__Exercise prompt__
Look through the listing below and write out exactly the lines from the line with "시편 34:10 KOR Bible Verse Image" to the line with "LI-NING Men's Summer", both included, and no others.

__Record set__
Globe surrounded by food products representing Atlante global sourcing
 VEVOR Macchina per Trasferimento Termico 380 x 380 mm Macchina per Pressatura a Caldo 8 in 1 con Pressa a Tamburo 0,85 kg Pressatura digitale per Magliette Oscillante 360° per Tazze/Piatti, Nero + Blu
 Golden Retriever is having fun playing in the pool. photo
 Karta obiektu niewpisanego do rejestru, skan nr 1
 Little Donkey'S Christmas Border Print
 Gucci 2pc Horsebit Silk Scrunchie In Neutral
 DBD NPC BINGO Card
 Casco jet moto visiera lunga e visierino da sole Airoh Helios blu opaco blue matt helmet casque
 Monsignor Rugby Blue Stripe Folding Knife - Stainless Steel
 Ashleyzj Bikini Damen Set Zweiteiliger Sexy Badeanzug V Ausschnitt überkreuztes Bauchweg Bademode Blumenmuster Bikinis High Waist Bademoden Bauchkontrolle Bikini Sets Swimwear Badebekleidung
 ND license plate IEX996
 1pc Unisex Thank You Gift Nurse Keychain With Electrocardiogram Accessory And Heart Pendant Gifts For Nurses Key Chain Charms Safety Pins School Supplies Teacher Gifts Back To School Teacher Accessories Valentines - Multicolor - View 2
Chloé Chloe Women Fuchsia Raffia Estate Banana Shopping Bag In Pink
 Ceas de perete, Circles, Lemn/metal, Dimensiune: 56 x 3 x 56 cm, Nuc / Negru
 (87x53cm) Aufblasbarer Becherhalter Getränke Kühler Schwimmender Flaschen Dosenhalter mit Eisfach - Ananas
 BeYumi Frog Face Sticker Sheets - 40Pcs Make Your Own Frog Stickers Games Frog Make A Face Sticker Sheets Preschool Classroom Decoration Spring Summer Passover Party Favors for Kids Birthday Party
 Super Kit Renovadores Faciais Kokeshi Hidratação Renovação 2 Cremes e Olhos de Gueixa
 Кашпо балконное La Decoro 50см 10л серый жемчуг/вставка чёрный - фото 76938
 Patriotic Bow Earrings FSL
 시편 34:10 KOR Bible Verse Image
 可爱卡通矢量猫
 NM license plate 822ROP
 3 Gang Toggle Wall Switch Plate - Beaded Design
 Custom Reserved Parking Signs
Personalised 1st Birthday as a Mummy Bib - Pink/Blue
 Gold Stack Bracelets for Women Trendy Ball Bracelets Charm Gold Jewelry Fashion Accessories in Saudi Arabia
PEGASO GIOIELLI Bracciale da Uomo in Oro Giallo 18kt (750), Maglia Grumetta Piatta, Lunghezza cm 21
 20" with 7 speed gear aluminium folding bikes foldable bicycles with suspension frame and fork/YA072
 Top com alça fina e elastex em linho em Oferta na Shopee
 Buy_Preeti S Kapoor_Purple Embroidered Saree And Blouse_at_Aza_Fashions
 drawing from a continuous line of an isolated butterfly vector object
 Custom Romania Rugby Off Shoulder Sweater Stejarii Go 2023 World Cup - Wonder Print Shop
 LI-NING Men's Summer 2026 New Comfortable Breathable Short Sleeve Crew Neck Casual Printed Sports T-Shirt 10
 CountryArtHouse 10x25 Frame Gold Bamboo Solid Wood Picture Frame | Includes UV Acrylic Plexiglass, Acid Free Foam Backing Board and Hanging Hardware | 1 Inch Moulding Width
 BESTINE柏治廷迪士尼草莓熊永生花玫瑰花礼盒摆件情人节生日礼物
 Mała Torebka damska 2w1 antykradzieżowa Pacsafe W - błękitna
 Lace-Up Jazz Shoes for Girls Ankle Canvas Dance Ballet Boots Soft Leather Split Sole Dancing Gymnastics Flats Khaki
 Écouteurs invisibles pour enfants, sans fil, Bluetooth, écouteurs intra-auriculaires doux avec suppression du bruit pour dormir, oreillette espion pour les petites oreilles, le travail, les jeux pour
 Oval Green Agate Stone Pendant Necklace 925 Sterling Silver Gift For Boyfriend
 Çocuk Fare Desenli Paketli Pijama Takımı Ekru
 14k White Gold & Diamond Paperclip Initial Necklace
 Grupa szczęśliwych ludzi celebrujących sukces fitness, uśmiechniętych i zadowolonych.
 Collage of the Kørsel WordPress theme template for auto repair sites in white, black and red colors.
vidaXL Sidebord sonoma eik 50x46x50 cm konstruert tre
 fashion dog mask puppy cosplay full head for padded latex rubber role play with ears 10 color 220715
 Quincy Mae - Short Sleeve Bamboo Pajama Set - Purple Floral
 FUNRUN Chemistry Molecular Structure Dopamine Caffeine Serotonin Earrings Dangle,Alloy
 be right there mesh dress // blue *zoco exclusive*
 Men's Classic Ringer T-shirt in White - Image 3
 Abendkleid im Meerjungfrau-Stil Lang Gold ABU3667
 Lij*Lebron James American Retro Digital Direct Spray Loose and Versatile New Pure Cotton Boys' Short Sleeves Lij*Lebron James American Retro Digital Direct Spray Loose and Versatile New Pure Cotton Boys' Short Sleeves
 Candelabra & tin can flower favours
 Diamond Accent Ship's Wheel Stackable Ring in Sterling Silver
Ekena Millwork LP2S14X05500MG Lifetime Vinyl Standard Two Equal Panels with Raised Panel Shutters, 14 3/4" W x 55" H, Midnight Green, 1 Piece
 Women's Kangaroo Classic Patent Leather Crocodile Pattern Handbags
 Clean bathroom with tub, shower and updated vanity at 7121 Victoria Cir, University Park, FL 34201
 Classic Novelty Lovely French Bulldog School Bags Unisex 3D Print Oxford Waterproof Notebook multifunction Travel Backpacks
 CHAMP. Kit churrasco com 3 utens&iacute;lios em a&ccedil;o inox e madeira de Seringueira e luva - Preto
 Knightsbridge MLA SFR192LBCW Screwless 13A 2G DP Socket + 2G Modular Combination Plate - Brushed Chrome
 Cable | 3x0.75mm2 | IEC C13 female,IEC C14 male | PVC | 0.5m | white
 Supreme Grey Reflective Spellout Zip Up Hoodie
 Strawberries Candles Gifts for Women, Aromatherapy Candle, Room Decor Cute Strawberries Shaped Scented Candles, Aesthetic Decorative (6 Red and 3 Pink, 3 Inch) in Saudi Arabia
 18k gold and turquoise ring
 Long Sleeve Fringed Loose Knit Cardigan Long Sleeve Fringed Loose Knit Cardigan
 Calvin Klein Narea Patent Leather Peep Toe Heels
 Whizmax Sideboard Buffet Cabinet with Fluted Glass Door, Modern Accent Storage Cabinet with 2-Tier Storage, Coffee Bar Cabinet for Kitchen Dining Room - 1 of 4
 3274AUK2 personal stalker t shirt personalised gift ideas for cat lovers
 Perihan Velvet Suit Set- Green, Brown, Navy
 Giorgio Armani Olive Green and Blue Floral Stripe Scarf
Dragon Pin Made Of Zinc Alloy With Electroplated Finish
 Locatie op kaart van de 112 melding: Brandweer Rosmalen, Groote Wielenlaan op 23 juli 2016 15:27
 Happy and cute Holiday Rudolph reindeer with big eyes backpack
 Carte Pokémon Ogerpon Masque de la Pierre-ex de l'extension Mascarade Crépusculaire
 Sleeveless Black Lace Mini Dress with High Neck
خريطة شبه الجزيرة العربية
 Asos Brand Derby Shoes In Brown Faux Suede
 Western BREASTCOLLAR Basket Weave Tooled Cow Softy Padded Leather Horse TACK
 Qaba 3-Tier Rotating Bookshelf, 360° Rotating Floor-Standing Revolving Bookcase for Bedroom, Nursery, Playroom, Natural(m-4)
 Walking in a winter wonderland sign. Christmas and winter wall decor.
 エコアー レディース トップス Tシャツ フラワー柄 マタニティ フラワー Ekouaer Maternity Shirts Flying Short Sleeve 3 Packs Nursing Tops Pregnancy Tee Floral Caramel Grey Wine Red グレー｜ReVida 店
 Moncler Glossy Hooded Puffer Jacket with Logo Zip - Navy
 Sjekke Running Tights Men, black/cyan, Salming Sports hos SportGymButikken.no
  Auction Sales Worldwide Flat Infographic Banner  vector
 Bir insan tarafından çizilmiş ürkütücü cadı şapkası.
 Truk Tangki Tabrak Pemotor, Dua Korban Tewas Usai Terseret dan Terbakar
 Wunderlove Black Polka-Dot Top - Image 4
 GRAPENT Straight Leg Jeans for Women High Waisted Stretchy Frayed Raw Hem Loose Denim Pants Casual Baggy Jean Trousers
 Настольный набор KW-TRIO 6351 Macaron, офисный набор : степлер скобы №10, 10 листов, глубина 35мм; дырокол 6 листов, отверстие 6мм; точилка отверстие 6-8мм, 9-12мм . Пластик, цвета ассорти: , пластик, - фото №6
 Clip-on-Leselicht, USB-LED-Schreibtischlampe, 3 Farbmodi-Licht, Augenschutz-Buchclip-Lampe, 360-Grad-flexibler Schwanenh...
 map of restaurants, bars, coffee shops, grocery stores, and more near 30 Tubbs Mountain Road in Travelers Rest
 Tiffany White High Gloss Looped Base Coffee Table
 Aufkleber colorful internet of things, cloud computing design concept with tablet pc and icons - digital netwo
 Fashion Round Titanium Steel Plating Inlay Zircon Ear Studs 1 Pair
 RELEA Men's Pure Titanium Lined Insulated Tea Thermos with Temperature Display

__Output of the task__
 시편 34:10 KOR Bible Verse Image
 可爱卡通矢量猫
 NM license plate 822ROP
 3 Gang Toggle Wall Switch Plate - Beaded Design
 Custom Reserved Parking Signs
Personalised 1st Birthday as a Mummy Bib - Pink/Blue
 Gold Stack Bracelets for Women Trendy Ball Bracelets Charm Gold Jewelry Fashion Accessories in Saudi Arabia
PEGASO GIOIELLI Bracciale da Uomo in Oro Giallo 18kt (750), Maglia Grumetta Piatta, Lunghezza cm 21
 20" with 7 speed gear aluminium folding bikes foldable bicycles with suspension frame and fork/YA072
 Top com alça fina e elastex em linho em Oferta na Shopee
 Buy_Preeti S Kapoor_Purple Embroidered Saree And Blouse_at_Aza_Fashions
 drawing from a continuous line of an isolated butterfly vector object
 Custom Romania Rugby Off Shoulder Sweater Stejarii Go 2023 World Cup - Wonder Print Shop
 LI-NING Men's Summer 2026 New Comfortable Breathable Short Sleeve Crew Neck Casual Printed Sports T-Shirt 10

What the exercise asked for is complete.